* **INFORMATION SHOWN**:
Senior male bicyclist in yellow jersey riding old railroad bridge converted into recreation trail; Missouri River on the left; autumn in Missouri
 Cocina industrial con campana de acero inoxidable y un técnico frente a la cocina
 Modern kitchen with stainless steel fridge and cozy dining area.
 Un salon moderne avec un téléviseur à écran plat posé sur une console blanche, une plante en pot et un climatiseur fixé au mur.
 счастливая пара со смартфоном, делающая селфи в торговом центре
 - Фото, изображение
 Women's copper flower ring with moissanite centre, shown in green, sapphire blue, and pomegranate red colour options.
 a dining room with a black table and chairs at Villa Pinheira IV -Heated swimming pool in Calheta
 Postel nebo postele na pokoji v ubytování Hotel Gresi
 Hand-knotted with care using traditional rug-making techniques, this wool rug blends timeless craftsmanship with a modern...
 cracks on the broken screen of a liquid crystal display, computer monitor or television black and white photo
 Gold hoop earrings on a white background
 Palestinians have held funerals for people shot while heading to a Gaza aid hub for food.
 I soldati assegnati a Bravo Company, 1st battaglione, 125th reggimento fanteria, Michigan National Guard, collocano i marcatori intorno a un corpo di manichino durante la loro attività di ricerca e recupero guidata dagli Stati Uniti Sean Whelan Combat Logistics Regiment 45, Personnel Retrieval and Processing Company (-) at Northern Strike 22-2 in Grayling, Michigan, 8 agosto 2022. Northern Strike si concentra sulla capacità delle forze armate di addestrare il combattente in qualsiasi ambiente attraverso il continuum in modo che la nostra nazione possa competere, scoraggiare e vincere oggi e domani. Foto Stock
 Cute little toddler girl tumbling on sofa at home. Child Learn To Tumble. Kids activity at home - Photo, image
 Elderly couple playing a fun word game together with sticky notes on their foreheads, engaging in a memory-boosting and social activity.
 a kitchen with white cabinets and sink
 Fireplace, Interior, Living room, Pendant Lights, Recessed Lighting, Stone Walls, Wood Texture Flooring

* **AIM OF THE EXERCISE**:
Take the line that holds "Hand-knotted with care" as the first line and the last line of the data as the final one. Retype everything between, both included, exactly.

* **RESULT OF THE EXERCISE**:
 Hand-knotted with care using traditional rug-making techniques, this wool rug blends timeless craftsmanship with a modern...
 cracks on the broken screen of a liquid crystal display, computer monitor or television black and white photo
 Gold hoop earrings on a white background
 Palestinians have held funerals for people shot while heading to a Gaza aid hub for food.
 I soldati assegnati a Bravo Company, 1st battaglione, 125th reggimento fanteria, Michigan National Guard, collocano i marcatori intorno a un corpo di manichino durante la loro attività di ricerca e recupero guidata dagli Stati Uniti Sean Whelan Combat Logistics Regiment 45, Personnel Retrieval and Processing Company (-) at Northern Strike 22-2 in Grayling, Michigan, 8 agosto 2022. Northern Strike si concentra sulla capacità delle forze armate di addestrare il combattente in qualsiasi ambiente attraverso il continuum in modo che la nostra nazione possa competere, scoraggiare e vincere oggi e domani. Foto Stock
 Cute little toddler girl tumbling on sofa at home. Child Learn To Tumble. Kids activity at home - Photo, image
 Elderly couple playing a fun word game together with sticky notes on their foreheads, engaging in a memory-boosting and social activity.
 a kitchen with white cabinets and sink
 Fireplace, Interior, Living room, Pendant Lights, Recessed Lighting, Stone Walls, Wood Texture Flooring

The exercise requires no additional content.